Марк смотрел на землистое лицо тщедушного ремесленника, как бы освещенное огнем изнутри, и ему передалась безмолвная радость человека, который мечтал послужить пищей для других. Он подумал о том, что и христианский бог пришел, чтобы дать себя съесть… О, какая варварская человечность!.. Он хорошо понимал ее величие, но еще был слишком юн, чтобы стремиться к нему…
«Нет! Не быть съеденным!.. Уж лучше есть самому!»

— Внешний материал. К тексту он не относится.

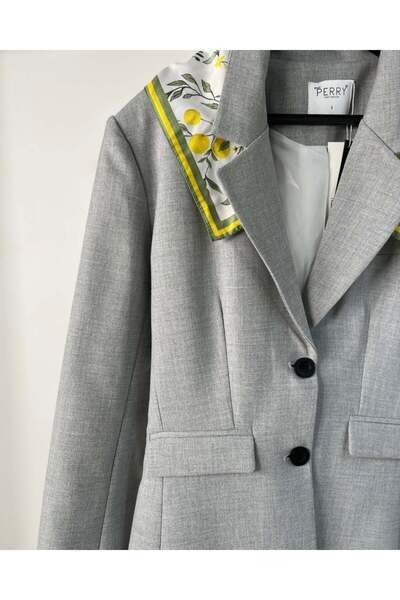 unique rain Classic Jacket with Lining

Марка всколыхнули, но разочаровали эти люди с другого берега, где он не мог высадиться, но он был теперь как птица, которая висит между небом и землей, не зная, где найти прибежище. Из родного гнезда он вырвался, возвращаться в него не желает, но он еще слишком молод, чтобы построить собственное гнездо, да и где? Где найти приют до той поры, когда настанет время заложить собственный очаг? На какой сук опереться? Предрассудки, еще накануне владевшие им, разъедены сомнением; все еще цепляясь за них и не зная, чем их заменить, он чувствует, что они уже рассыпаются в прах. В мире идей, который так много значит для распаленного мозга, городского подростка, этот пятнадцатилетний мальчуган одинок и затерян, ему не за что ухватиться.
Марк снова столкнулся с Перреттой-Марселиной, такой же, как и он, беглянкой, девушкой с губами козлоногого Пана. На сей раз он их вкусил.

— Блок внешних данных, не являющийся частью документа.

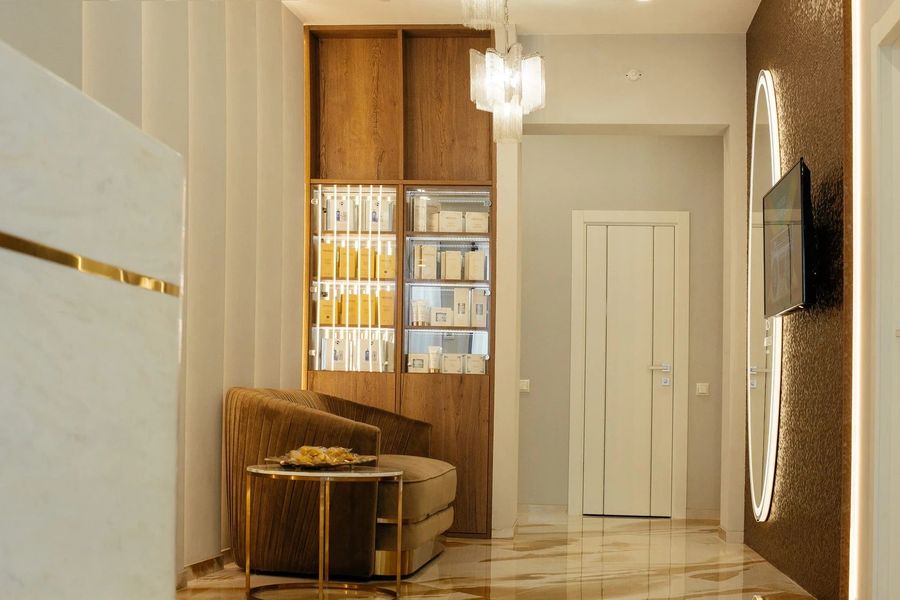 Фото клиники 1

Их былые встречи на лестнице возобновились, но на более близком расстоянии. Он искал ее объятий, чтобы укрыться в них. Как ни далеко она отошла от всего, что покинула, Марк был для нее вестником из родного края. Ведь они из-под одной кровли. Они чирикали на краешке одного я того же желоба.
Затерянные в беспредельности города, беглецы прильнули друг к другу, чтобы отогреть свои перышки. Марселина клюет вздрагивающие губы своего юного возлюбленного. И горяч же этот мальчуган! Он может вспыхнуть, как спичка. Он с каким-то неистовством отдается миру наслаждений – миру мучений, только что им открытому. Марселину это забавляет, но эта далеко не совестливая девушка питает к застенчивому и бесстыдному Керубино, который пожирает ее, какое-то непонятное, почти материнское чувство: ей и чудно и тревожно. Как ни мало дорожит она семейными привязанностями, но за этого мальчугана считает себя ответственной. Марселина прижимает его к груди, впивается взглядом в его бледные щеки, в его воспаленные глаза; ее сначала смешат, а потом пугают его исчезновения по ночам; он возвращается в холодные предрассветные часы мокрый, окоченевший. Он легко одет, он неосторожен; у него появился сухой кашель. Он порывист, он весь горит; первый же ветер сможет его унести. Марселина беспокоится и в то же время раздувает огонь; она играет им. Марк ревнив. Марселина его изводит, она не признает никаких стеснений. Ее мучит совесть, но она доканчивает начатое – она попросту убивает его.